Skylake Buying Advice

Discussion in 'Buying Tips and Advice' started by redhatnick, Nov 21, 2016.

  1. redhatnick macrumors newbie

    Sep 6, 2013
    I’m currently upgrading from the 15” mid-2012 Retina (1st generation retina) with 2.6ghz processor (base at the time was 2.3ghz).

    After 4 years, in hindsight I think the 2.6ghz build-to-order upgrade was a pretty nice spend as during some heavy duty workloads, I could ‘feel’ the turbo boost kick in like a hot knife through butter to keep things moving. The downside being that the 2.6ghz upgrade from the 2.3ghz upgrade was more thirsty on battery than I anticipated.

    Fast forward to the present, the reality is that Skylake (and neither Kaby Lake) isn’t orders of magnitude faster than my Ivy Bridge (just much more power efficient) so I’m finding the bang for the buck performance to be less than I'm used to.

    My Macbook is much like buying my 2012 Ivy Bridge V8 Mustang at 300hp and 14mpg and getting the new 2016 Skylake V6 Mustang at 315hp and 20mpg. It’s not much faster, just burns less gas.

    This will probably be my last MacBook, and will be dual-booting Windows 10 eventually to get ready to switch over to a PC in a few years to stay current with less cost, but at the moment, will need to stay on Mac as the last time I used Windows was XP so I could use some practice.

    Considering tick-tock is dead, and now it’s more like tick (Skylake), tock (Kaby Lake), tock (Cannonlake), tock (Ice Lake), tock (Tiger Lake), do you think there is value in just maxing out on Skylake now and holding the line here for the next 4-5 years?

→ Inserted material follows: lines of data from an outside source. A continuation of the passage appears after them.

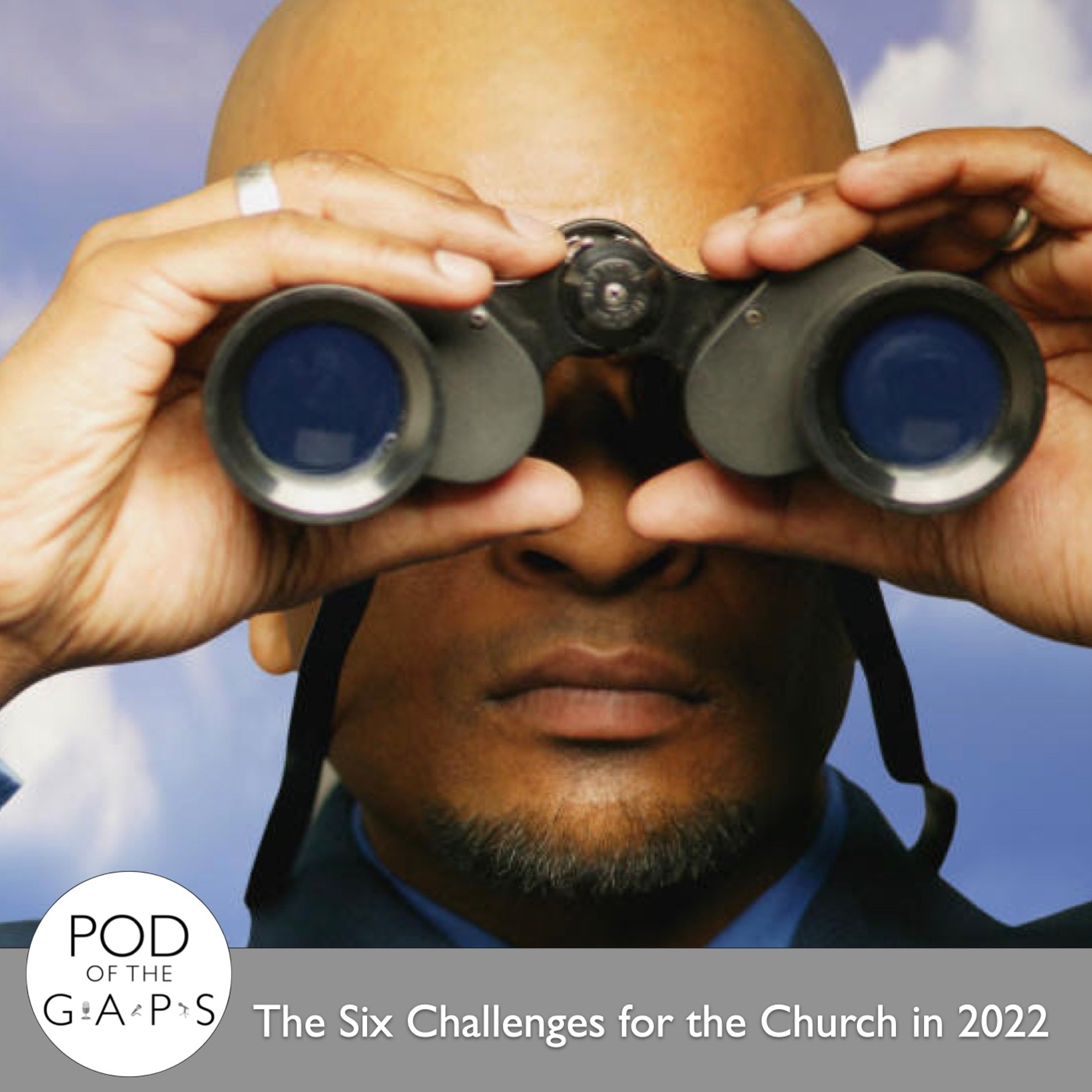 Episode 30 — The Six Challenges for the Church in 2022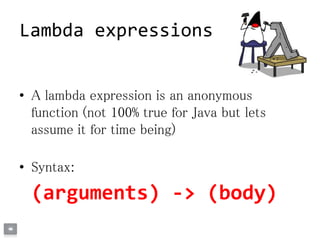 Lambda expressions
• A lambda expression is an anonymous
function (not 100% true for Java but lets
assume it for time being)
• Syntax:
(arguments) -> (body)
 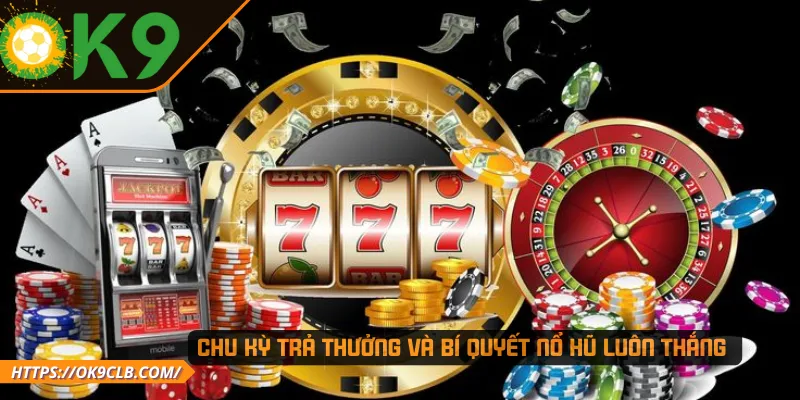 Chu kỳ trả thưởng và bí quyết nổ hũ luôn thắng 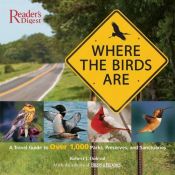 book cover of Where the Birds Are: A Travel Guide to Over 1,000 Parks, Preserves, and Sanctuaries by Robert J. Dolezal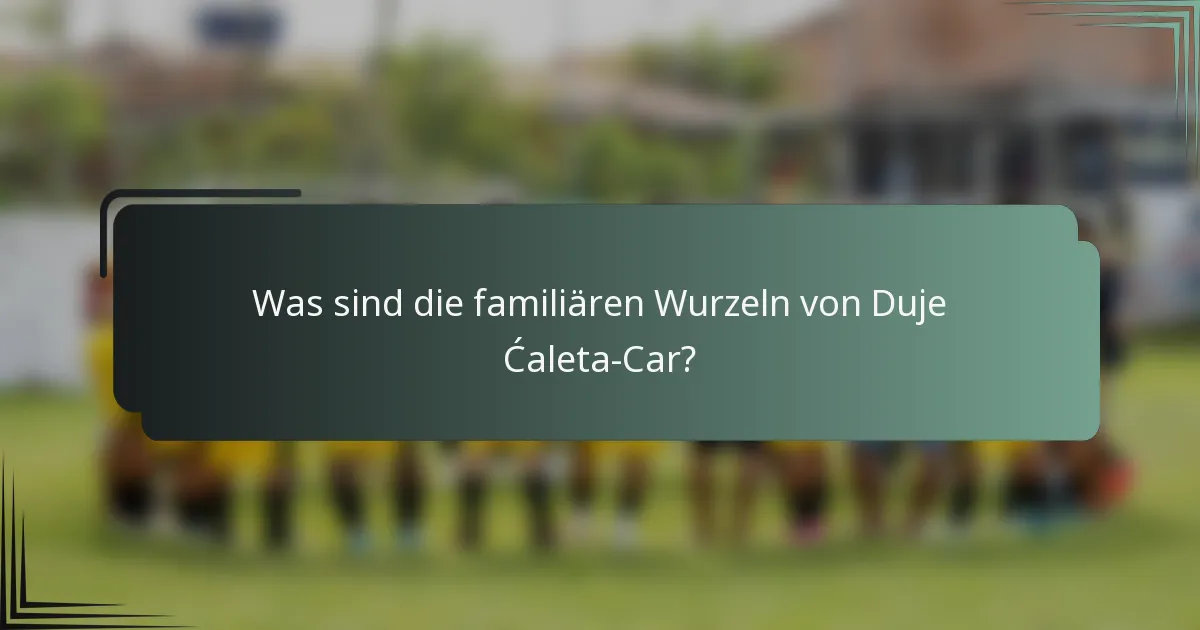 Was sind die familiären Wurzeln von Duje Ćaleta-Car?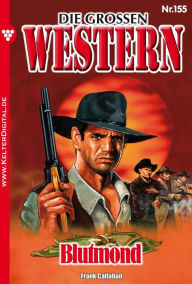 Title: Die großen Western 155: Blutmond, Author: Frank Callahan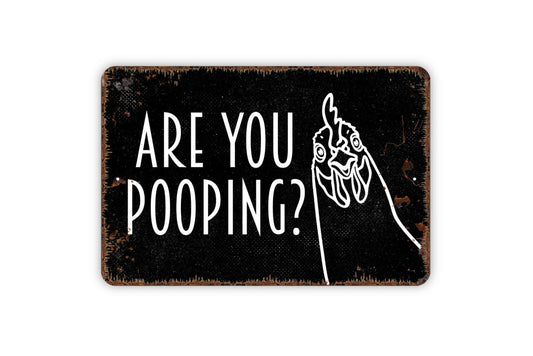 Are You Pooping? Chicken Sign - Chicken Yard Hen House Metal Wall Art - Indoor or Outdoor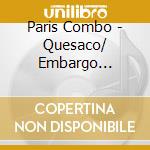 Paris Combo - Quesaco/ Embargo 22.03.2022 cd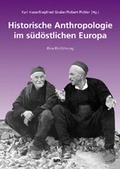 Cover: Historische Anthropologie im s&uuml;d&ouml;stlichen Europa - B&ouml;hlau
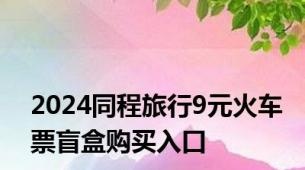 2024同程旅行9元火车票盲盒购买入口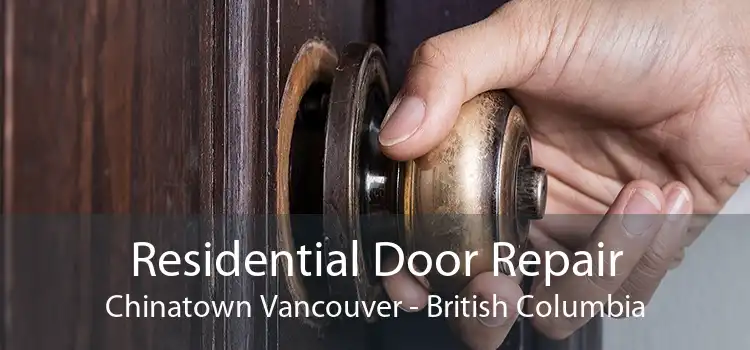 Residential Door Repair Chinatown Vancouver - British Columbia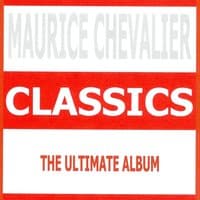 Classics - maurice chevalier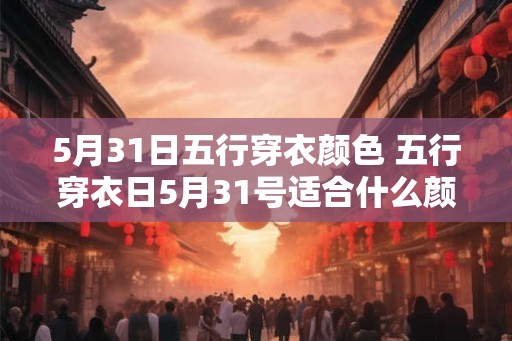 5月31日五行穿衣颜色 五行穿衣日5月31号适合什么颜色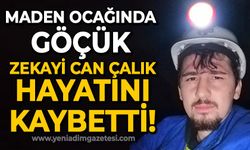 Maden ocağında göçük: Zekayi Can Çalık hayatını kaybetti!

    Would like to ‘feel’ something faster than Ivy Bridge if I’m going to be stuck on it for a very long time. Or should I go into a different direction?
  2. CloudAK macrumors newbie

    Aug 3, 2016
    u should go into a different direction
  3. thekev macrumors 604


    Aug 5, 2010
    If you bought the 2.3 back then and someone told you it was the 2.6, you wouldn't know the difference.

    Take a look at benchmarks here. These exaggerate things far more than you'll see in actual use to the point where anything below a 50% multicore difference will be imperceptible if you're merely comparing responsiveness of one machine to another. They are very very close in benchmarks, and actual use will mitigate that difference further.

    Now what other direction would you go? They all pull from the same pool of processors, so what do you expect? You should call this what it is, a desire for a new toy. If you're okay with that or the old one is starting to break down, buy something new.

    Regarding whether it's worth maxing something out, it's virtually never worth it. I would figure out ram and storage requirements and base the purchase off that. Remember that things fail and you don't know what will come out later. You certainly don't derive additional value by increasing the price by 50% just to use it a year longer.